Fig. 1 describes the Zn-abietate complex synthesis method with its intermediary steps, Na-abietate. Pinus elliottii var. elliottii resin was used as reaction precursor, this was chosen due to its low cost, abundance, antibacterial properties, and being a regional reforestation product. The reaction has 2 steps as shows the Fig. 1, in the first, 164.0 g of purified Pinus resin [1] is mixed with 21.67 g of NaOH dissolved in 200 mL of deionized water; the molar proportion used in this step was 1:1. This mixture is kept under stirring at 90 °C for 3h, all reactional water is evaporated in the course of the reaction for the formation of a hygroscopic salt (Na-abietate). In the second step occurs the Zn-abietate formation from Na-abietate synthetized before; 30.1 g (0.0933 mol) of Na-abietate is dissolved in 50 mL of deionized water, for a faster dissolution the water is heated to 80 °C. This solution is reserved to cooling. A second solution is prepared with 9.0 g (0.0311 mol) of zinc sulfate (ZnSO4.7H2O, 99%, Quimex) in 30 mL of deionized water. Then, both solutions are mixed dropwise under stirring, and colds in an ice bath. The Zn-abietate formation occurs immediately by the substitution reaction according to Eq. (1). This complex is washed out with deionized water and vacuum filtered, dried in the oven at 70 °C for 5 h, mechanically macerated, and sieved until obtaining the necessary granulometry for application as pigment. The powder-like product shows a coloration of light yellow, and hydrophobic properties The molar proportions for Zn-abietate formation in the second step was 3:1 (Na-abietate:Zn2+).

Mass spectrometry

The largest peak in the mass spectrum (Fig. 2) is the ion observed in m/z +301, corresponding to the deprotonated abietic acid theoretical molecular mass [C20H29O2] (Fig. 3). The structure of the abietic acid dimeric form (Fig. 4) corresponding to the peak in m/z +603 in the mass spectrum (Fig. 2). The Zn-abietate complex structural representation formed by Zn2+ bonded to 3 abietate ligands [C20H29O2]3− (Fig. 5) is responsible for the peak in m/z +967 in the mass spectrum. The peaks in m/z +983, m/z +999, m/z +1015, m/z +1031, m/z +1047, m/z +1063, correspond to structures responsible in Fig. 6, Fig. 7, Fig. 8, Fig. 9, Fig. 10, Fig. 11. These structures exhibit a characteristic progression with a difference m/z of 16 units for each peak, related to atoms from the oxidation of the C = C bonds to the keto form.
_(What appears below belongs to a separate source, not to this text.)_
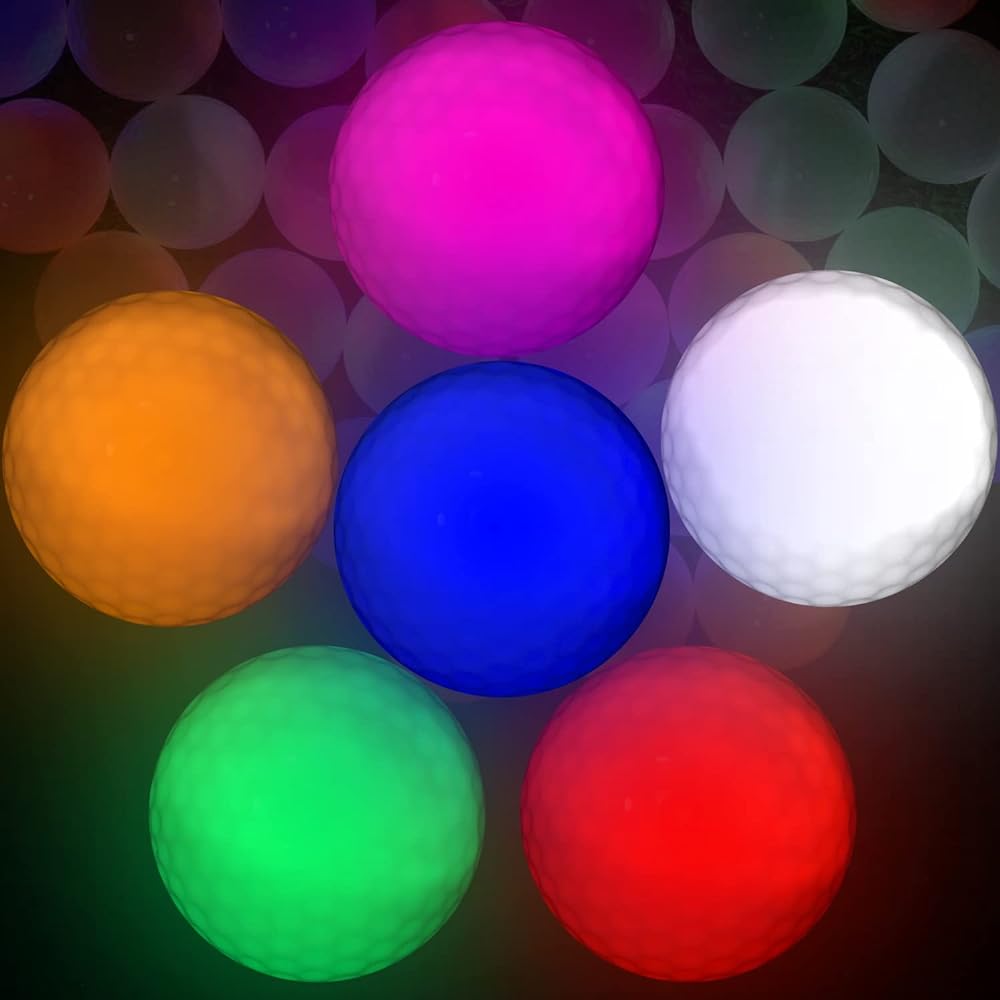 Glowing Golf Ball Night Golf Golf Practice Golf Practice Ball Night Golf Golf Equipment Home Night Glowing Golf Ball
Chemical analysis by X-ray photoelectron spectroscopy (XPS)

The chemical composition was evaluated by X-ray photoelectron spectroscopy (XPS). All binding energies were calibrated using the carbon C 1s peak at 284.6 eV. The elemental analysis of the Zn-abietate complex and Na-abietate salt was performed using XPS survey scans. The elements detected in samples were C, O, and Na for Na-abietate; and C, O, Na, and Zn for Zn-abietate. XPS survey scan revealed lower contamination with Na in the Zn-abietate sample. The sodium observed in the survey spectrum can be associated with remaining residues from the first synthesis stage.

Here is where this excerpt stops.